Mums who daubed their pregnant bellies in protest against closures at St Helier hospital have recreated their famous protest with their newborn babies.
The ladies gathered outside the hospital on Saturday, June 8, and were led by Kathy McGuinness, the founder of Local Mums Online, an online forum for mums to share information.
The before shot
The mums are outraged at the Better Services Better Value (BSBV) healthcare review’s proposals to close St Helier hospitals maternity, children’s services and accident and emergency wards.

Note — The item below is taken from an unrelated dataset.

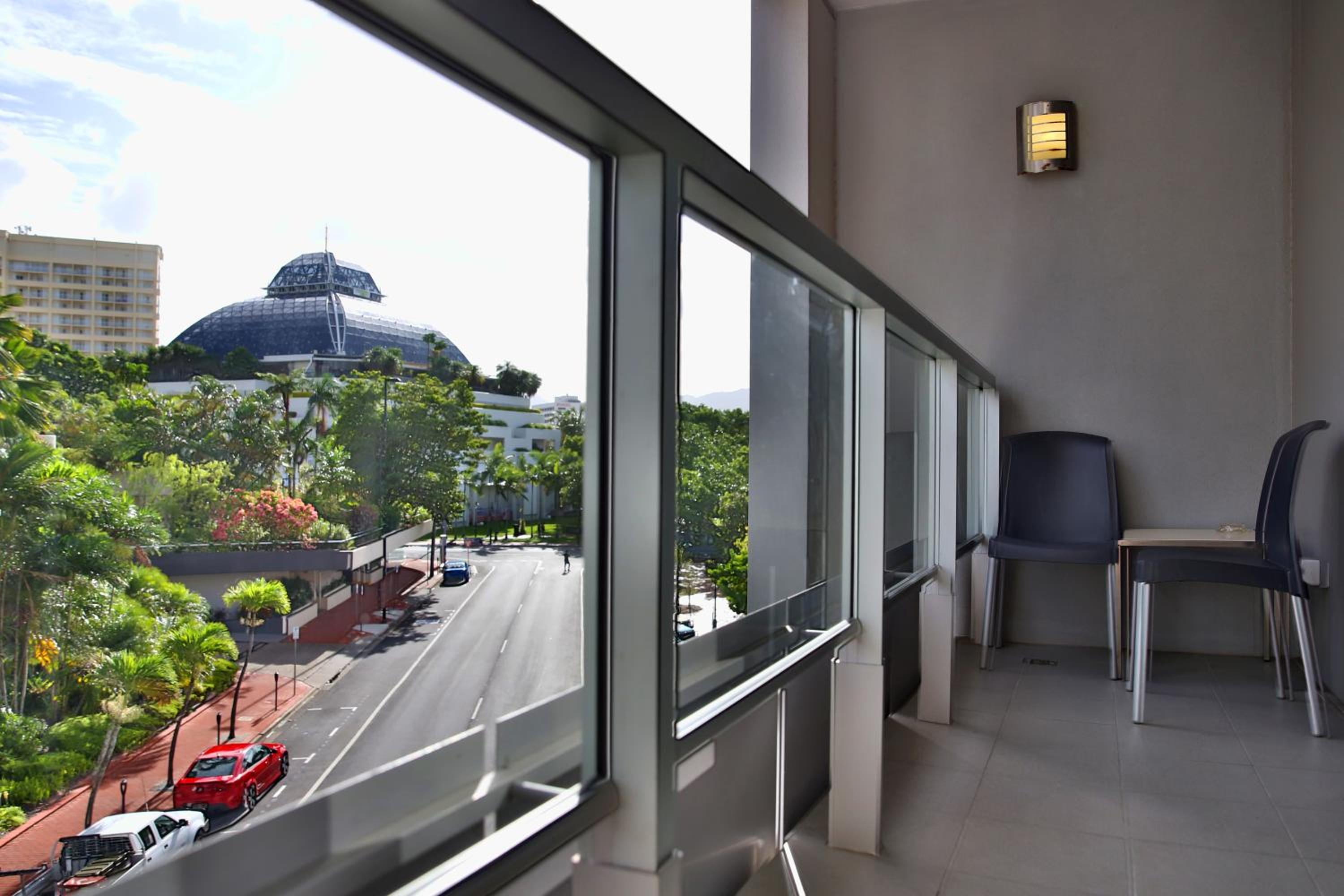 One-Bedroom Apartment with Garden View - Photo 21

The BSBV review argue their proposals would mean that everyone in south west London, Epsom and the surrounding area will receive the highest quality of care when they need it.
The babies each wore a baby grow with letters on spelling out the message “Save St Helier”.
Ms McGuinness said: “It is totally undemocratic and unfair to shut down such a well loved and valuable maternity service.
“The welfare of our unborn children is at risk and we simply won’t stand for it. The people behind this idea will have a real fight on their hands if they think they can downgrade St Helier.
“Pregnant mums want to go somewhere local, we don’t want extra stress when we’re at our most vulnerable. And what about the women with no car but several toddlers in tow? We shouldn’t have to traipse across London when we’re due.
“It’s pure madness and south London mothers won’t allow it.”
BSBV’s preferred option for the region’s healthcare is St Helier becoming a "local hospital" which will have GP services, treatment for scalds and simple fractures.
Dr Marilyn Plant, local GP and joint medical director for BSBV, said: "The reality is that the NHS is not working properly. Our hospitals are overstretched and there are not enough services in the community.
"This means we cannot deliver a quality service and patients suffer as a result. For example, the care patients receive at weekends falls short of the standards clinicians have set.
"We need to move to a service that provides consistent care over the whole seven days. This means concentrating services such as maternity and emergency care in fewer, bigger units.
"We can't just do nothing when as clinicians we believe we could deliver better, safer services. We think we have found a solution, but we need to test that with the public and see if they can put forward alternative ways of tackling the problems we face. That's why we want a public consultation."